*** Opening RECORDS FOR THIS EXERCISE ***
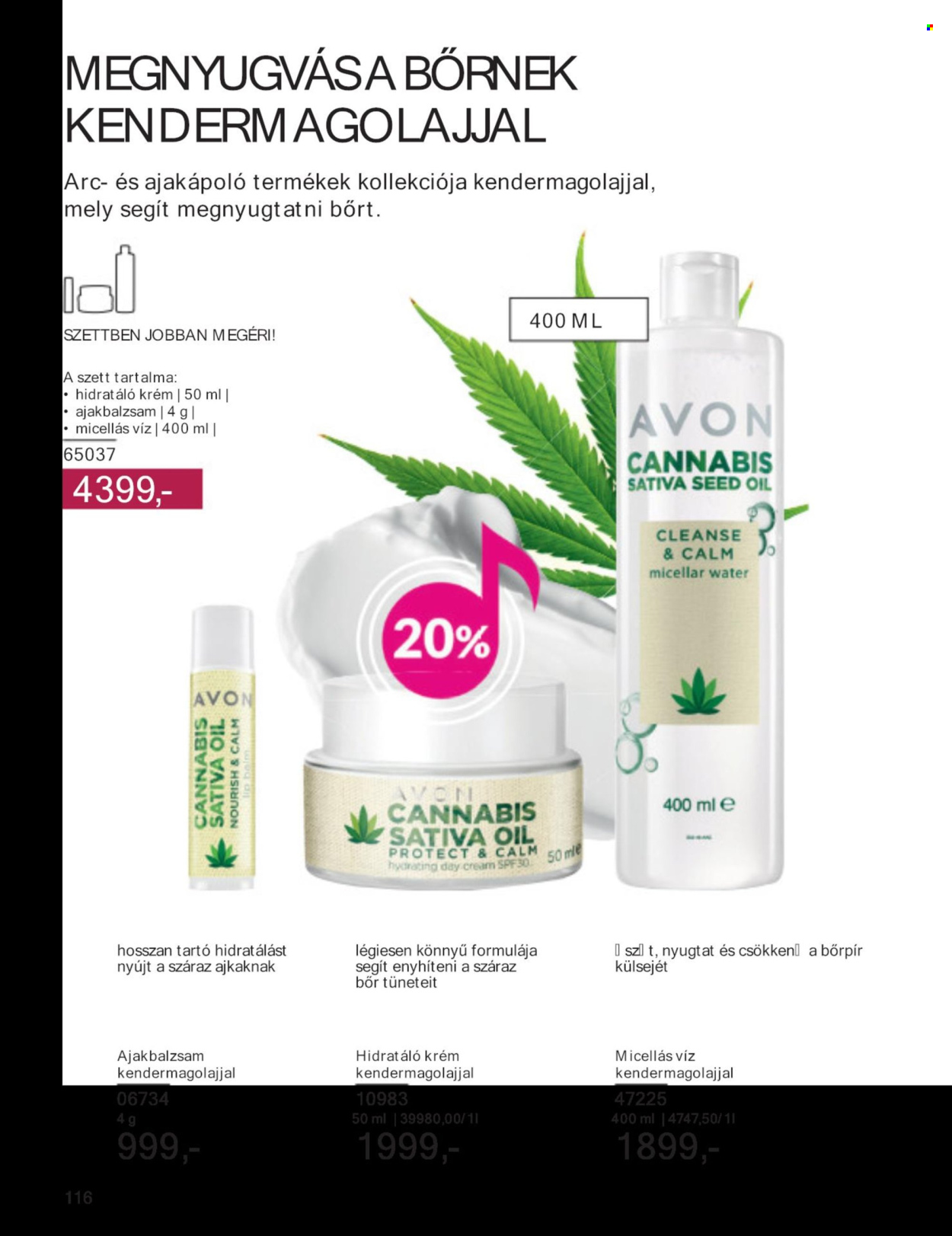 Avon akciós újságok - 2024.04.01 - 2024.04.30. Oldal 128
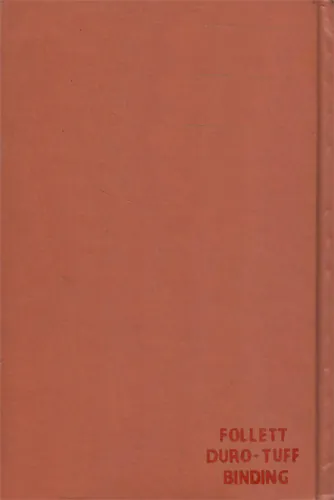Sample Type HCJ hard cover, back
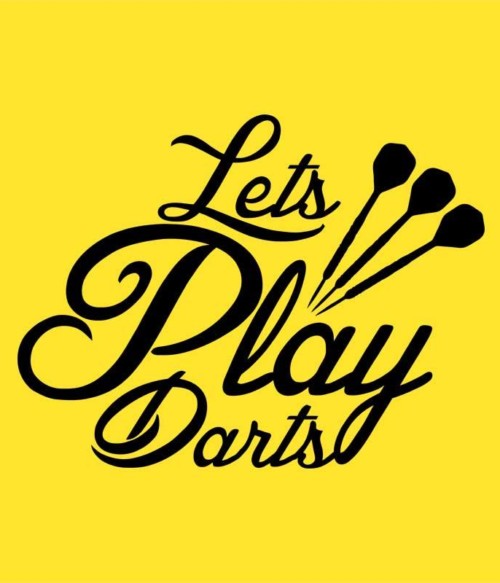 Lets Play Darts Póló - Ha Darts rajongó ezeket a pólókat tuti imádni fogod!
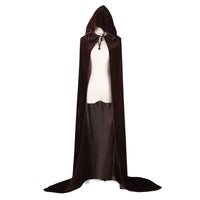 Hooded Halloween Cape — Velvet, Adult & Child Sizes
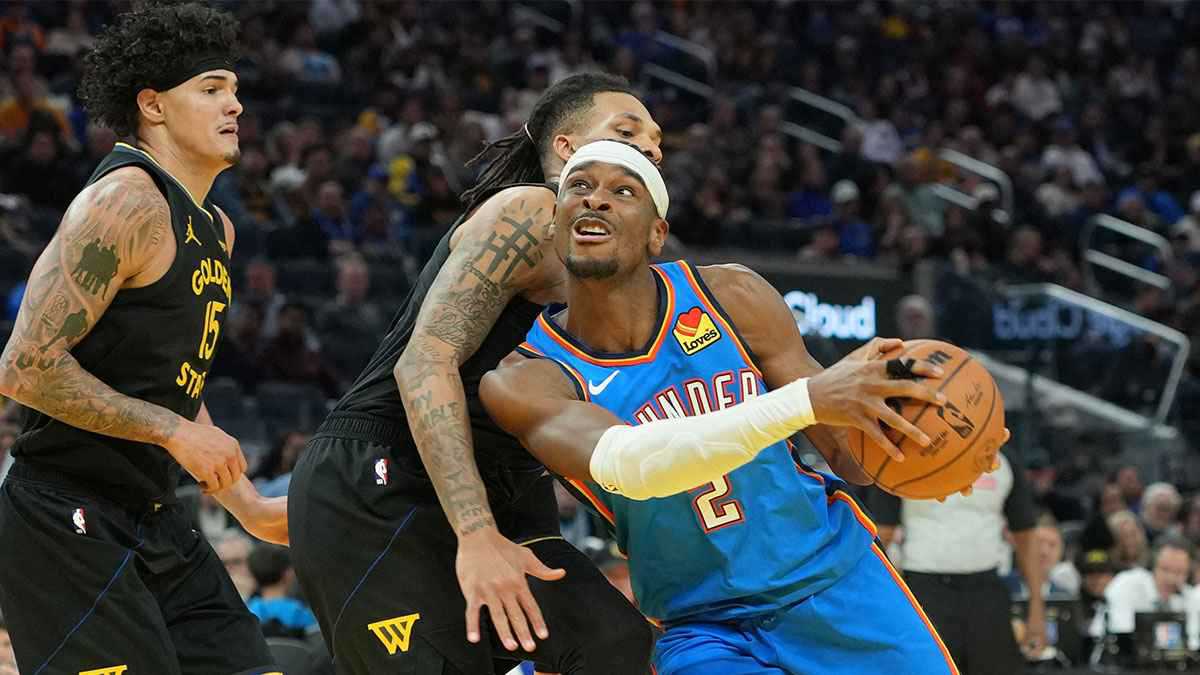 NBA.. ثاندر يكبد وريورز أسوأ خسارة في موسمه بدوري كرة السلة الأمريكي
*** Closing RECORDS FOR THIS EXERCISE ***
PROBLEM DETAILS: Line by line, restate the data above exactly as it stands, minus the pictures.

ANSWER:
 Avon akciós újságok - 2024.04.01 - 2024.04.30. Oldal 128
Sample Type HCJ hard cover, back
 Lets Play Darts Póló - Ha Darts rajongó ezeket a pólókat tuti imádni fogod!
 Hooded Halloween Cape — Velvet, Adult & Child Sizes
 NBA.. ثاندر يكبد وريورز أسوأ خسارة في موسمه بدوري كرة السلة الأمريكي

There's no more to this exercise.